After the work was all done, we all retire to the house for a picnic lunch and to relax and visit. This is the opportunity for us to catch up with the lives of old friends who have been helping us for years and to learn about the new people that Pat and Jan have brought to our ranch for the weekend.   Branding at our ranch is an educational event.  We have had people from China, Venezuela, Brazil, Russia, and all parts of the US attend our branding.  It is also a social event where the neighbors and friends from town and friends of our son and daughter-in-law come from the cities to learn and participate. Some participants began coming when they were college kids and now they bring their children.  This is our main social event for the year.

Later after everyone has gone home, the family; Taylor and Justin (our grand kids), Pat and Jan (our son and daughter-in-law), and Jim and I will walk our herd into the next 200 acre pasture where they will remain for the next two weeks.  We linger to enjoy the sense of accomplishment, the coolness of the evening, and peace and contentment that comes when things are as they should be and the family is together.

After the work, Justin gets to play in the water.
Taylor gathers dandelions.


  1. Great post. Makes me tired just to read it.

  2. I am an employee of the Natural Resources Conservation Services; NRCS, a government agency that work clossely with private land owners like you. I am originally from New Jersey and currenlty here in the west - Steamboat Springs CO on detail in the District Conservation office.
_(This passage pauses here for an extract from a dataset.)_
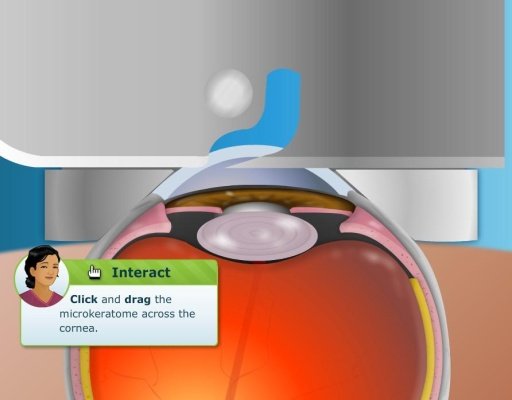 Virtual LASIK Eye Surgery截图4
I have had some exposure to ranching practices since I have been here, but reading your blog is almost like a one place to shop for everything. You took a very serious subject matter, agriculture, and make it fun to read; the music, you style and presentation. Your knowledge and passion for your work is just simply infectious.

    Thank you for being an advocake for a very inportant but some times neglected part of our national wellbeing; Agriculture !!!